|January 10, 2017|
From Antarctica to Iceland, Chinese Seek 'Lung-Cleansing' Trips
|Toxic haze that settled over much of China during the last three weeks has triggered a flight reflex among residents, leading to the rising popularity of smog avoidance travel packages to far-flung locations such as Iceland and Antarctica.|
Traveler's online keyword searches for terms such as "smog escape," "lung cleansing" and "forests" had tripled amid the air pollution, according to a report titled "Smog Escape Travel Ranking" from Ctrip.com International Ltd. last month. Smog avoidance tourism has become a major theme for winter travel this year, with the Seychelles, Maldives and Iceland touted as getaways with the freshest air, according to the online travel service.
Heavy smog has forced 62 cities including Beijing to issue health alerts since Jan. 1, and hundreds of flights have been canceled or delayed. More than half of China's cities suffered medium to severe pollution on Jan. 3 during the latest wave, with PM2.5 -- the tiny particles which pose the greatest risk to health -- as the main pollutant in most of them, according to the government.
Heavy pollution stretched into the weekend in Beijing, Tianjin and Hebei province before northerly winds blew the smog to southern regions, although hazardous conditions could return after winds subside. Xinhua News Agency reported some schools in Beijing have started installing air purification systems in classrooms.
The Beijing Daily said Sunday that city officials will shut down 500 high-polluting factories and make 2,560 others upgrade and clean up their operations, while also restricting high-polluting vehicles from the city starting next month.
Northern China in particular suffers severe pollution in winter because of a combination of fog and other weather conditions that trap industrial and auto emissions and those from burning millions of tons of coal used for heating in below-freezing temperatures.
The most popular overseas destinations are island escapes such as Phuket in Thailand, Bali in Indonesia, and Jeju in South Korea, while sought-after domestic getaways include Sanya on southern Hainan island, Xiamen, and Guilin, according to Ctrip. And while the blanket of air pollution stretches from the southwest to the northeast, Beijing residents were the most eager to get away, the report said.

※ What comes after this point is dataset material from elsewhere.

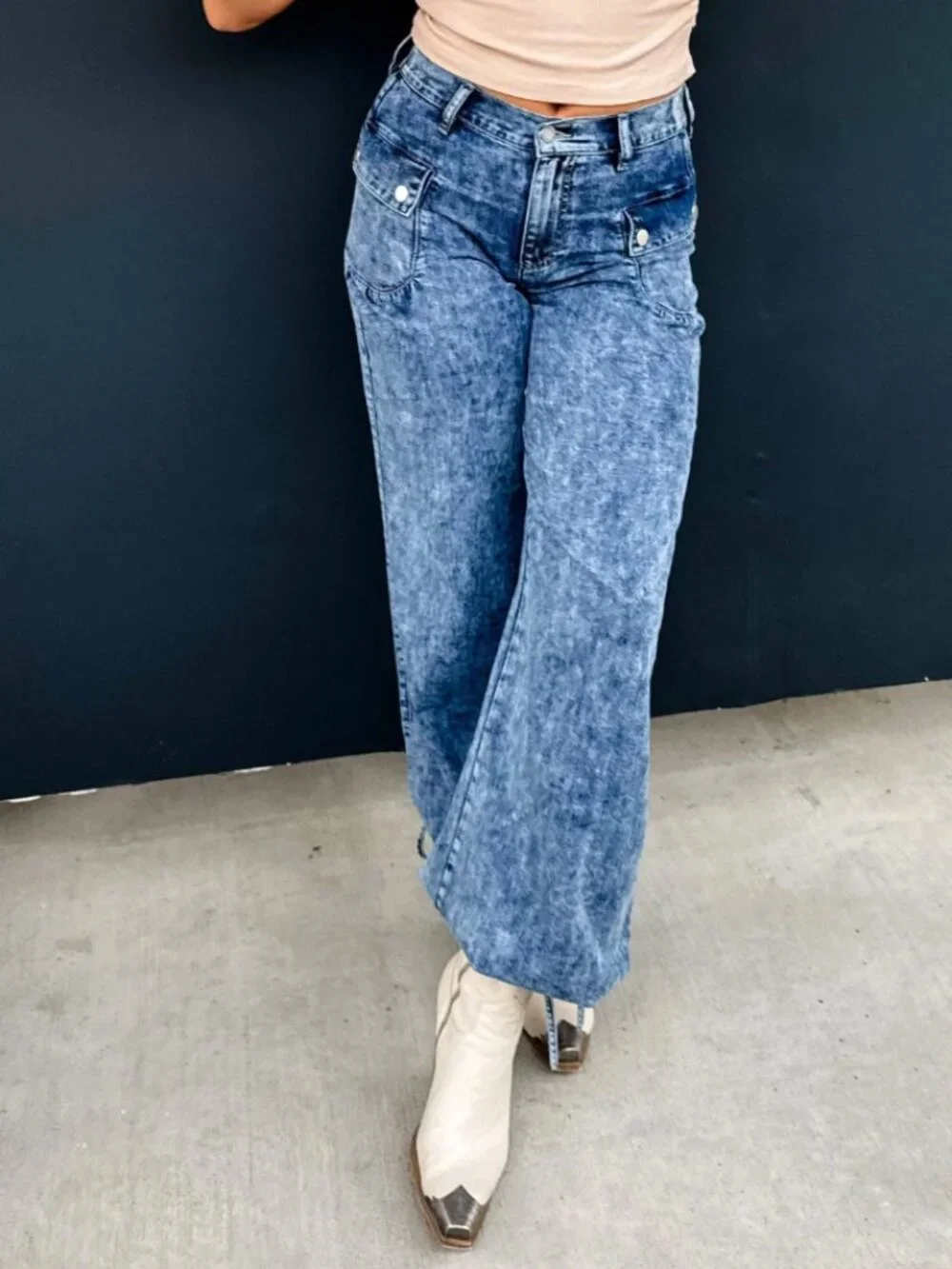 NWT - Blakely Charlie Cinch Hem Wide Leg Jeans Acid Wash Blue Size Large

Tourism within China is also taking a hit, with visits to top sites in Beijing falling 24 percent to 1.84 million people during the New Year holiday period from Dec. 31 to Jan. 2, according to a statement from the Beijing Tourism Development Commission.

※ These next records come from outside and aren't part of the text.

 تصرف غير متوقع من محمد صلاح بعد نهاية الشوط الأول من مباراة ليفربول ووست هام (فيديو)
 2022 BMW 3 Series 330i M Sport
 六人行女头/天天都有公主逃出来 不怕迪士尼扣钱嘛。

The reason for the decline wasn't clear, and the commission doesn't categorize smog as a particular cause, said an official in the Beijing commission's marketing department, who decline to be named. A spokesman at the commission did not reply to requests for comment.
Whenever the pollution spikes higher, streets in the Chinese capital are filled with residents donning masks outside while others confine themselves to offices or apartments with air filters. Many others stoically go about their business unprotected.
A professor from China's leading scientific think tank said media reports highlighting people's decisions to flee the smog could scare the public and instead suggested news outlets should try to spread "positive energy".
Toward that end, Beijing environmental officials have sought to put a positive light on the situation, noting that overall air quality in the city improved in 2016, with the total number of "blue sky days" up 12 from 2015 and the average PM2.5 measure dropping 9.9 percent to an average of 73 micrograms.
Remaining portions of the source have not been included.